What was most notable about this most recent performance was Brabbins’ holding off the lyric impulse, letting Birtwistle’s “endless melodies” simply speak. In tandem with that was the opening, even more primal than I remember, and the contrast of delicate moments that I had completely forgotten existed. Time and time again, one marvelled at Birtwistle’s exquisite scoring, masterly at every turn. Brabbins ensured that we felt the cumulative energy of the later stages of the work powerfully, a slowly but inexorably moving force that was completely unstoppable. The final silence after the work finished spoke volumes. Sir Harrison was in attendance, the orchestra applauding as enthusiastically as the audience when he moved to the stage (initially it looked like he was content to stay in his stalls seat).
So, from the earth to the ocean: the coupling was Vaughan Williams’ Sea Symphony, Birtwistle’s huge array of percussion now replaced by seating for the BBC Symphony Chorus. When the chorus arrived, the normal disposition of voices seemed more mixed than usual, resulting in a wonderful homogeneity of sound.
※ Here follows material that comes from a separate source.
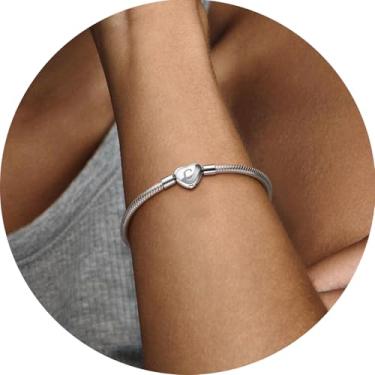 Imagem de Pulseira de coração com letra inicial e corrente de cobra, pingente de monograma para mulheres, joias delicadas personalizadas para o dia a dia, 7", Aço inoxidável, Sem Pedra Preciosa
Huge orchestra, huge chorus: perhaps not perfect for the Barbican acoustic, which threatened to overload in passages in full cry. The initial brass fanfare was a touch unfocused, its return far more confident, but there was no doubting the excellence of the BBC Symphony Chorus. The music was brilliantly paced by Brabbins. Elizabeth Llewellyn’s radiant, ringing soprano confirmed her place as one of the best up-and-coming sopranos (her ENO debut was in 2010 as Mimì; she impressed mightily in Puccini’s Rondine at Opera Holland Park in June this year). Her diction was impeccable, and she has the full range dynamically, imperious when flinging out “Flaunt out, O Sea your separate flags of nations,” radiant elsewhere. She was joined by Marcus Farnsworth, winner of the 2009 Wigmore Hall International Song Competition and the Song Prize at the 2011 Kathleen Ferrier Awards. He participated in Iain Bell’s In Parenthesis at the Royal Opera (review) and in the Barbican performance of Adams’ Doctor Atomic in April this year (review). On this occasion, though, Farnsworth sounded reedy, the higher strata of Vaughan Williams’ writing feeling distinctly high for him. He was literal in the interior ruminations of “On the beach at night alone” (the choir far better in its attunement to the writing, the tempo perfectly chosen by Brabbins, the horn quartet particularly ravishing).
It was the Scherzo (“The Waves”) that emerged as a tour de force, a chorus-only movement, jubilant and sparkling. The semi-chorus in the finale, “The Explorers”, confirmed the excellence of the choral contribution. This finale exuded breadth thanks to Brabbins’ intensely vocal realisation of the score (he literally let it breathe). A pity that the difference in standard between the soloists was so obvious when they were juxtaposed (“Sailing these seas or on the hills”) and that Farnsworth’s words were almost lost at “For we are bound where mariner has not yet dared to go”.
The repertoire pairing was exemplary for this concert, even though it did lead to an extended interval and later home-time; and it was good to be reminded of the stature of both pieces. The concert confirmed Brabbins’ excellence; this was the BBC Symphony on top form in a very demanding concert indeed. Bravo!